Forensic botany is a fascinating subject: it uses plants/plant-parts to solve criminal investigations. Wiltshire is the pioneer of the practice in the UK and as such well placed to tell the development and her own experience of it. The book has mixed reviews on Goodreads, highlighting what, at times, can be a somewhat patronising voice and a very unsettling way of approaching death, bodies, and the crimes themselves. The book certainly isn't for the weak of heart, and that compounded with Wiltshire's way of talking about sensitive crimes and, in one case, a person of colour, I cannot recommend the book without these content warnings.

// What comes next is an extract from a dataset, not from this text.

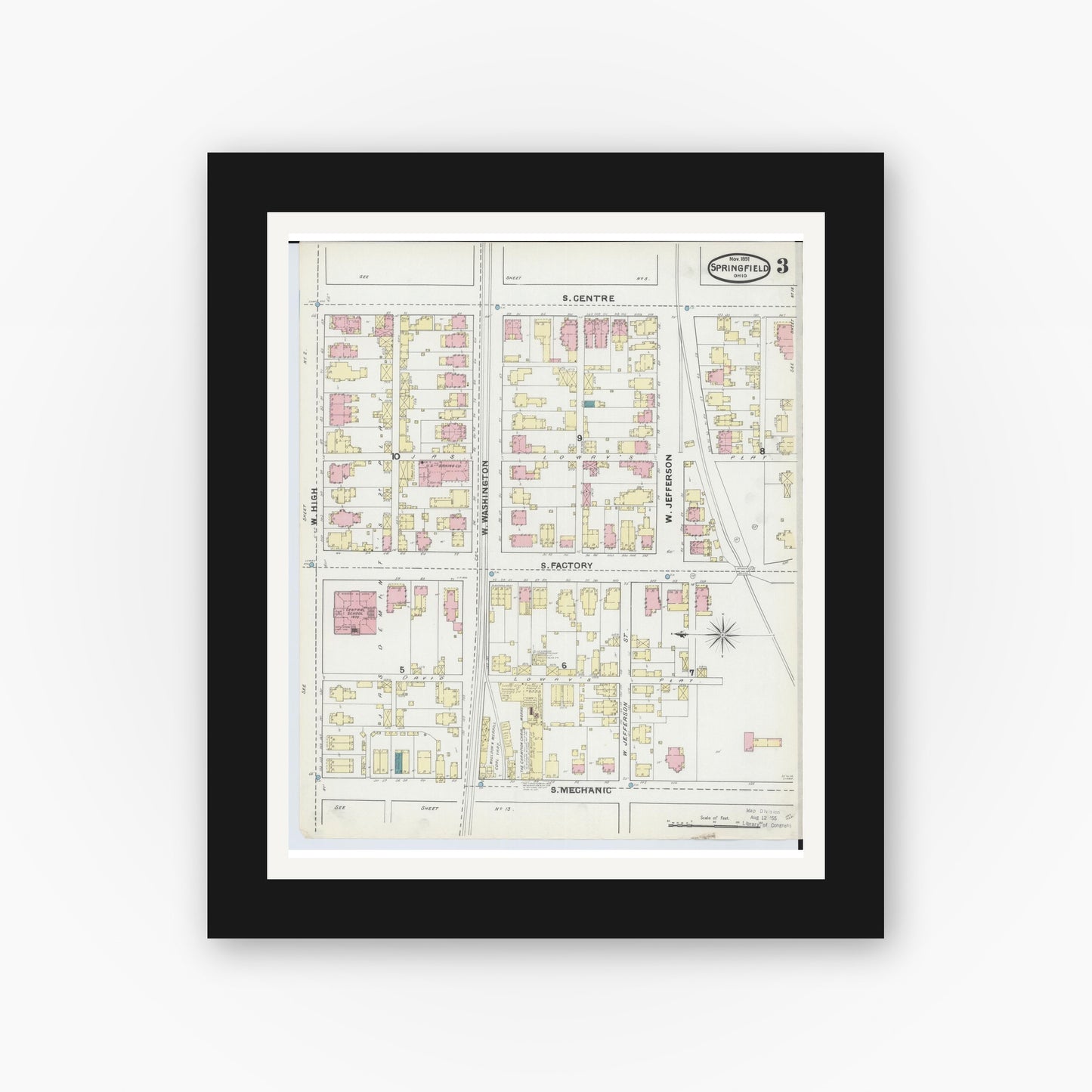 Old map wall art mockup — black gallery frame with white mat — Sanborn Fire Insurance Map from Springfield, Clark County, Ohio (1891), Sheet #0003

Content of the book aside, the concept of forensic botany and its related fields was the compelling hook. As Wiltshire says, nature leaves its mark on all of us. On the sole of your shoe will be pollen and soil matching your path exactly. The floor carpets and pedals of your car will hold the same traces. Your clothes will show if you’ve lain in your garden or in the woods, and even the tiny coral like bones in your nose will show if you’ve inhaled air from one place or another.
Her life is so marked by outdoor spaces, so heavily linked with nature, that it is no wonder she speaks its language so well. And, despite how scientists usually struggle to speak the language of the common man because of it, she does not – and thus the way in which forensic palynology works is made accessible.

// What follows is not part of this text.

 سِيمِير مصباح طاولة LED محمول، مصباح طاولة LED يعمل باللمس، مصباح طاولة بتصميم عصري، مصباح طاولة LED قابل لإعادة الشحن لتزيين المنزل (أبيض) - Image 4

After listening to the novel – within two days, an unusual feat – which I had borrowed on my library app, my mind turns (as it often does) to peat.
Peat was mentioned in the book, but more in its unfortunate use in compost which can make up the profile of a garden or park in which it was used. This was not where my mind went, but instead I began to think of the other ways in which peat gives evidence of the past.
The famous example is of bog bodies. The name sounds like the title of a story told around a campfire, but they are exactly what you’d think. Bodies can be well preserved in peat, for the same reason the peat itself grows: the ground is so wet and heavy with sphagnum that very little oxygen is underneath the surface. Since oxygen is necessary for any natural material to break down, rot, or decompose, the body simply doesn’t – or does so only partially. This is aided by the acidity and low temperatures of the habitat, sometimes even preserving hair and nails.
There is evidence for at least four bodies found in the peatlands across Dumfries and Galloway. Unfortunately (or perhaps fortunately?) more often than not, these have not been preserved as well as is typical of bog bodies, and are simply skeletal remains.
Bog bodies are a phenomenon all across the world where there are peatlands, and I can’t help but wonder at the stories behind them. Such a mummification can leave huge scope for solving their mysteries, from the length of time they have been trapped in the bog, to, potentially, how they died.
A bit macabre, perhaps! But it is simply another way in which peatland links us to our past, and I hope it will still be healthy in the future so that it can continue to do just that.